_WORK INSTRUCTIONS_. Beginning at the line containing "Two kitchen forks" in the material below and ending at the line containing "615 Edith Way", return each line exactly and add nothing.

::::::::::

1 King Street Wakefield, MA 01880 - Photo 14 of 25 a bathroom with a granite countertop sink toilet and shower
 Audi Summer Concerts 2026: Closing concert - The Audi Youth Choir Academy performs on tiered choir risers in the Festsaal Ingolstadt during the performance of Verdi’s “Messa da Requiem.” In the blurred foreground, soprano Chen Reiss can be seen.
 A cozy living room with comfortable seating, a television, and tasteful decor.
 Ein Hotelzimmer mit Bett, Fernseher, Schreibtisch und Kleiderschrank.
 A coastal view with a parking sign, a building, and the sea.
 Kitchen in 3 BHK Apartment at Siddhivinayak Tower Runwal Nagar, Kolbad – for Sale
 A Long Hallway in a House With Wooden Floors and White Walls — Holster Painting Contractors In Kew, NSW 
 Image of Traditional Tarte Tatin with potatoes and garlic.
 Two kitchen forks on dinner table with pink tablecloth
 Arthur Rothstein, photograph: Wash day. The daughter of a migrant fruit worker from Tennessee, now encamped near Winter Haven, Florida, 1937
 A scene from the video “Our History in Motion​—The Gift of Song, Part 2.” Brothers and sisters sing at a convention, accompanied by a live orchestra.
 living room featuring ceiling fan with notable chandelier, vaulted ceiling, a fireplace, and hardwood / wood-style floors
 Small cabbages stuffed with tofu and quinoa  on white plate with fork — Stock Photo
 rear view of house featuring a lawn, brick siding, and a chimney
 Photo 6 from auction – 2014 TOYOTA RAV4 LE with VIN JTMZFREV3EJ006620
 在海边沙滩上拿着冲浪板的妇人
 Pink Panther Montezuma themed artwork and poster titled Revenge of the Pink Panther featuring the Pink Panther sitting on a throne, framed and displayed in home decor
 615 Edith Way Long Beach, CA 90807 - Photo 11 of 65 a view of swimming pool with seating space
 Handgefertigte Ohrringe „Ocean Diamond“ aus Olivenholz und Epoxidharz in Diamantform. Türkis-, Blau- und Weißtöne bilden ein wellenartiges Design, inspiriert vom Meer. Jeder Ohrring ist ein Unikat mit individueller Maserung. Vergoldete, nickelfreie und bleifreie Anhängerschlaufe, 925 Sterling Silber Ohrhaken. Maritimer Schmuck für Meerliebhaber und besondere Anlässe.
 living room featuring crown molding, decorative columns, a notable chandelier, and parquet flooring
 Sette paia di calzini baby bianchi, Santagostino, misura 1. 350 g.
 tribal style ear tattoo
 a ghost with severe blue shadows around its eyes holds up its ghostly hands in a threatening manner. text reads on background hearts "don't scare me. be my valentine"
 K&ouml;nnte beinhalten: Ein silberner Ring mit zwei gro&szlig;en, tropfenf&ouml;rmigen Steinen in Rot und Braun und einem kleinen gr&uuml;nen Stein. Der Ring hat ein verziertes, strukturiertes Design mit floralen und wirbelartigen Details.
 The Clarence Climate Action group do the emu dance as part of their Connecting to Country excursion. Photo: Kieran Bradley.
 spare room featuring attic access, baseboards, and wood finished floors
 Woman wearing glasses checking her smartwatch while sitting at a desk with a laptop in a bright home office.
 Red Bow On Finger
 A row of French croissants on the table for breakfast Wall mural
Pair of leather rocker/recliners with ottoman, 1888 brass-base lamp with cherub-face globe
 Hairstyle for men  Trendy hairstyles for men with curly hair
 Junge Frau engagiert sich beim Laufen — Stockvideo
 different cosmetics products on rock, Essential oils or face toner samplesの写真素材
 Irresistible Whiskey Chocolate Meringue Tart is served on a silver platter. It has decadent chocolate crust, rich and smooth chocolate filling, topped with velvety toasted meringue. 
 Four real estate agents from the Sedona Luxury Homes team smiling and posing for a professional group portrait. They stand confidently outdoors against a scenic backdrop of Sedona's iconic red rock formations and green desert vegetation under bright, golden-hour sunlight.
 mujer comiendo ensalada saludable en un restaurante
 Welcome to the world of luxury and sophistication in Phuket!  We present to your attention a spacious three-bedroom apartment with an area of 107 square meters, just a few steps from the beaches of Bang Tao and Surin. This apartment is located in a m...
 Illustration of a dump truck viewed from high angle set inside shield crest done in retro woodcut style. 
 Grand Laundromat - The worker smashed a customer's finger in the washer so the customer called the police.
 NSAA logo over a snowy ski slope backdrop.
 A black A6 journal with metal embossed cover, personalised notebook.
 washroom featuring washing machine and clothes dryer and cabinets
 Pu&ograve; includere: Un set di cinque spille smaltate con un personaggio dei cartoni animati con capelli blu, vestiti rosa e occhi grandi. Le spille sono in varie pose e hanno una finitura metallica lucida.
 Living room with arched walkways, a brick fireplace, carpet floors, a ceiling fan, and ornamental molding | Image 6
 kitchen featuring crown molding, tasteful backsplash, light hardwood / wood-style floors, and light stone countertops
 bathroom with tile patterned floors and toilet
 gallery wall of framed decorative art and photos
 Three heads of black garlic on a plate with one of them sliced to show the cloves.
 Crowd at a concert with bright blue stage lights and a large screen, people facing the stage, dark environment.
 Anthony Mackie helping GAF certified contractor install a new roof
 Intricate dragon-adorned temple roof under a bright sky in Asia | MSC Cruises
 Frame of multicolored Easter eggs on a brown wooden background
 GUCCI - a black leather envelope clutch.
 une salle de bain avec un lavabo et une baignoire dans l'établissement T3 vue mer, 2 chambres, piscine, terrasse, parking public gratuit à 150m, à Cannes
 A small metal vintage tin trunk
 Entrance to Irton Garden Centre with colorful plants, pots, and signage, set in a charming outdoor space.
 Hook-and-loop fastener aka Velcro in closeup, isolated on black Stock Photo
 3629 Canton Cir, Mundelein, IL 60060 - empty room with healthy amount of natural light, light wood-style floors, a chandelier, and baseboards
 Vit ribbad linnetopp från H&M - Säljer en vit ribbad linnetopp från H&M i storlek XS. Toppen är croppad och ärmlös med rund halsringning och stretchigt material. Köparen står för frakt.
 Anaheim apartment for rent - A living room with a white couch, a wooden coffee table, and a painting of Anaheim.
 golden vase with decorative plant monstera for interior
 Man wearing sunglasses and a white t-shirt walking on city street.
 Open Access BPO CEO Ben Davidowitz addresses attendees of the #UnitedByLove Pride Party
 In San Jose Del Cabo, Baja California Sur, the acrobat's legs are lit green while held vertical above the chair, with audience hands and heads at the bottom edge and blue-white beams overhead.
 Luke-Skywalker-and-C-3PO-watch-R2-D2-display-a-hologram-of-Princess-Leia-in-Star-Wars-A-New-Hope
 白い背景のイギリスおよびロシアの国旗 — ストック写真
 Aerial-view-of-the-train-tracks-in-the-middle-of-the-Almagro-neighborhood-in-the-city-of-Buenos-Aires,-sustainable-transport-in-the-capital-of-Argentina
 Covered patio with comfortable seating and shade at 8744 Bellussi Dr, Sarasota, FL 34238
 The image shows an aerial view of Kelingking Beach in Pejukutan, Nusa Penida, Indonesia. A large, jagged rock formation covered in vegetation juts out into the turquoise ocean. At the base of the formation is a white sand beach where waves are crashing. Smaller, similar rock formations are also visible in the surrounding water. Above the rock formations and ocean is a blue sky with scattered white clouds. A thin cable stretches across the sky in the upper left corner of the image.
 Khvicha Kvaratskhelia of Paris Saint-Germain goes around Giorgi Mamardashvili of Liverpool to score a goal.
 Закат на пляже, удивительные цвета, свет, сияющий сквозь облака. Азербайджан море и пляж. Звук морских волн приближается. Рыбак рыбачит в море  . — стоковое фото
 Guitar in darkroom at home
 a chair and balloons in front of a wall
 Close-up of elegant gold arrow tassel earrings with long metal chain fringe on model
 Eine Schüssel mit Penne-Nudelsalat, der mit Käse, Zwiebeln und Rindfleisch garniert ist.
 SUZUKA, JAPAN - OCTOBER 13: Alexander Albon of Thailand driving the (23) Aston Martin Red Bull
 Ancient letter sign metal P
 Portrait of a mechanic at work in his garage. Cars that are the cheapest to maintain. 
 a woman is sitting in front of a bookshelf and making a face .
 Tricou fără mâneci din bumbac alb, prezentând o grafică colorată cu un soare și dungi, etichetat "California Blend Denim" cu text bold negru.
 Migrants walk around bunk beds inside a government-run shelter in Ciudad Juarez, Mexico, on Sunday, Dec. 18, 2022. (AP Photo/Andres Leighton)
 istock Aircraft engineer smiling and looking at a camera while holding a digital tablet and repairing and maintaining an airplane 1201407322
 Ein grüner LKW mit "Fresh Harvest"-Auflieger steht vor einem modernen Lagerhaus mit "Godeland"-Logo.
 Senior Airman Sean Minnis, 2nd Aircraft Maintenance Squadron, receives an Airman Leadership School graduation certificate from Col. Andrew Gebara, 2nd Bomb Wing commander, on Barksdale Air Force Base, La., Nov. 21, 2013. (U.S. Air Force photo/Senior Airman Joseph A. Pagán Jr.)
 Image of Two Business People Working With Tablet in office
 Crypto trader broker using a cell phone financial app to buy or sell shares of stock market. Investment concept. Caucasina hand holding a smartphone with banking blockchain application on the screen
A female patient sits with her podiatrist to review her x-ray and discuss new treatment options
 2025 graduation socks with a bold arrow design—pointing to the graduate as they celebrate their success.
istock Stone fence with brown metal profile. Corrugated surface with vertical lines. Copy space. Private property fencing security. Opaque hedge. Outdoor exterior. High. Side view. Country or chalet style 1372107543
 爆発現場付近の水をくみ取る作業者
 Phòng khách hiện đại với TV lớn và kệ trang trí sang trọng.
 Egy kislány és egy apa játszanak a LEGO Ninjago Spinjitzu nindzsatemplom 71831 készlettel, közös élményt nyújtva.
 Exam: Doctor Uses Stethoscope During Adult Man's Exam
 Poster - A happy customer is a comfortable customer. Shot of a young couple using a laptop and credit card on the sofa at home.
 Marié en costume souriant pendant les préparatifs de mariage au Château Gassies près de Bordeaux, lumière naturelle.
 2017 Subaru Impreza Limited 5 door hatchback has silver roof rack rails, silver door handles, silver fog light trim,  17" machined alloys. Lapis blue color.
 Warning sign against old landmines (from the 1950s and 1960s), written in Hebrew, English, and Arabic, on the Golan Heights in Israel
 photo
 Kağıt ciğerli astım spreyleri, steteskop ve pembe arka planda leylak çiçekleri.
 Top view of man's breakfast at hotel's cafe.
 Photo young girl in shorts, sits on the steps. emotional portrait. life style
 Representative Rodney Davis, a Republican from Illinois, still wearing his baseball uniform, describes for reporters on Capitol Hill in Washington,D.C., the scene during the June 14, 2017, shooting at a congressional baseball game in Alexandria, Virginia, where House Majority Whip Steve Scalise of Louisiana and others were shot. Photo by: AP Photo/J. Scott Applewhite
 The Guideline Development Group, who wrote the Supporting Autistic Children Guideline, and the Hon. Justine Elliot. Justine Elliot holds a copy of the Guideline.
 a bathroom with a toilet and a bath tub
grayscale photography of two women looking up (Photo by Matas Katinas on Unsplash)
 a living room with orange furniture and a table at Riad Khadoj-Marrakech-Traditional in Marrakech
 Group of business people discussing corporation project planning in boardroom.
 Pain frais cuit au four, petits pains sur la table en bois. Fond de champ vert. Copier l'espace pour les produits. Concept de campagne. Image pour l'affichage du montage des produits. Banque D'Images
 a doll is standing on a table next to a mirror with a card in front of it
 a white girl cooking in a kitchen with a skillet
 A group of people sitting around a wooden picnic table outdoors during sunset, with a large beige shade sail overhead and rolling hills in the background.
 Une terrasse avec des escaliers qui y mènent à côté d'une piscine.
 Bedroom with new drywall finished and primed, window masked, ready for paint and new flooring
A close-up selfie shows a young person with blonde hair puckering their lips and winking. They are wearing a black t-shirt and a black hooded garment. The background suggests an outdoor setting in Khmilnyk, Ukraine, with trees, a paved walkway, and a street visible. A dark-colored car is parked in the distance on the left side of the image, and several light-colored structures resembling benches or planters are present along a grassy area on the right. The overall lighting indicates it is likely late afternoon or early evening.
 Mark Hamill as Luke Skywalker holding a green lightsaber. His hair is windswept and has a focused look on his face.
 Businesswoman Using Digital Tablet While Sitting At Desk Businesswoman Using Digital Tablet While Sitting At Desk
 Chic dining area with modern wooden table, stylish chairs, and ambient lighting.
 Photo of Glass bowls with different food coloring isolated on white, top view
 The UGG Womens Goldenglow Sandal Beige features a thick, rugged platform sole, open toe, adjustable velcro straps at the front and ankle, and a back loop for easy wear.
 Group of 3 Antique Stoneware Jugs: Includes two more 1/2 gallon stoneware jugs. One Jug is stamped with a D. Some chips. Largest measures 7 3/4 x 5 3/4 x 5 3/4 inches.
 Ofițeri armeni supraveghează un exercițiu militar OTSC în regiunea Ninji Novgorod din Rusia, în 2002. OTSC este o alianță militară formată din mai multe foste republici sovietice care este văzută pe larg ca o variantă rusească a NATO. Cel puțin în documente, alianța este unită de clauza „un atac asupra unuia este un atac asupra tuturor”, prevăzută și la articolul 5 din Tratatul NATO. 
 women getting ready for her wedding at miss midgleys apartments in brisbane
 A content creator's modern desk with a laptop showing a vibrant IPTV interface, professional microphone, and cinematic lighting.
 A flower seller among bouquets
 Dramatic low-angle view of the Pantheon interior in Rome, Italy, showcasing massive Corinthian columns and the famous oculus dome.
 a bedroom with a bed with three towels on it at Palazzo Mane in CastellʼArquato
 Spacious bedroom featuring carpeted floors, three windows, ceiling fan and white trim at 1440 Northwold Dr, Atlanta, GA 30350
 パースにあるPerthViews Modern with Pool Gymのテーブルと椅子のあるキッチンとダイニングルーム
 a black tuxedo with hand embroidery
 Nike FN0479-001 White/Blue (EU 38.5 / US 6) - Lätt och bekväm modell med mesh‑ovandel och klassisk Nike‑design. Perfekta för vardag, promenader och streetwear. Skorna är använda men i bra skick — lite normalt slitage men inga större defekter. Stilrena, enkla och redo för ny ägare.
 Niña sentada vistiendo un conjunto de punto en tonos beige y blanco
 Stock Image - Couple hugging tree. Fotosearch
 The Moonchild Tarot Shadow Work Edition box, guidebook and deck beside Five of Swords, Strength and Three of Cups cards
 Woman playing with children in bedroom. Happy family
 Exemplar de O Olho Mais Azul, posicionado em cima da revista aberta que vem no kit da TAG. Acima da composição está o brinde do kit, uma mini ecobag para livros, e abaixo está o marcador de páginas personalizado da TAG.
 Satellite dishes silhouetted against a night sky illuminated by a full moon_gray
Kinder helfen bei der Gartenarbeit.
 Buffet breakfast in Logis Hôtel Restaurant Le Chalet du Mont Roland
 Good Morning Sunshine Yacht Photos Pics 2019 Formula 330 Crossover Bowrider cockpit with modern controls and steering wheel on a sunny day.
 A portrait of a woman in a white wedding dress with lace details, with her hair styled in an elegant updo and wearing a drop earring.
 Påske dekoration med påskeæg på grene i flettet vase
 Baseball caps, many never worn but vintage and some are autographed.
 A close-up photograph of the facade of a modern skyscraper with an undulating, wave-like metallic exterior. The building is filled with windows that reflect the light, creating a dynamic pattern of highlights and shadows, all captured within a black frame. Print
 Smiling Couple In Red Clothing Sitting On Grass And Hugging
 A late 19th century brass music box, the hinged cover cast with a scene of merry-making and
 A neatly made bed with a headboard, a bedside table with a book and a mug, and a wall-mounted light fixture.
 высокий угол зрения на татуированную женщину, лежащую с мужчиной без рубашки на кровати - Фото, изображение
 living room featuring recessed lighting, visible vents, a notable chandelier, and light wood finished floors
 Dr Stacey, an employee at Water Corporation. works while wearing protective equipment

::::::::::

_EXERCISE RESULT_.
 Two kitchen forks on dinner table with pink tablecloth
 Arthur Rothstein, photograph: Wash day. The daughter of a migrant fruit worker from Tennessee, now encamped near Winter Haven, Florida, 1937
 A scene from the video “Our History in Motion​—The Gift of Song, Part 2.” Brothers and sisters sing at a convention, accompanied by a live orchestra.
 living room featuring ceiling fan with notable chandelier, vaulted ceiling, a fireplace, and hardwood / wood-style floors
 Small cabbages stuffed with tofu and quinoa  on white plate with fork — Stock Photo
 rear view of house featuring a lawn, brick siding, and a chimney
 Photo 6 from auction – 2014 TOYOTA RAV4 LE with VIN JTMZFREV3EJ006620
 在海边沙滩上拿着冲浪板的妇人
 Pink Panther Montezuma themed artwork and poster titled Revenge of the Pink Panther featuring the Pink Panther sitting on a throne, framed and displayed in home decor
 615 Edith Way Long Beach, CA 90807 - Photo 11 of 65 a view of swimming pool with seating space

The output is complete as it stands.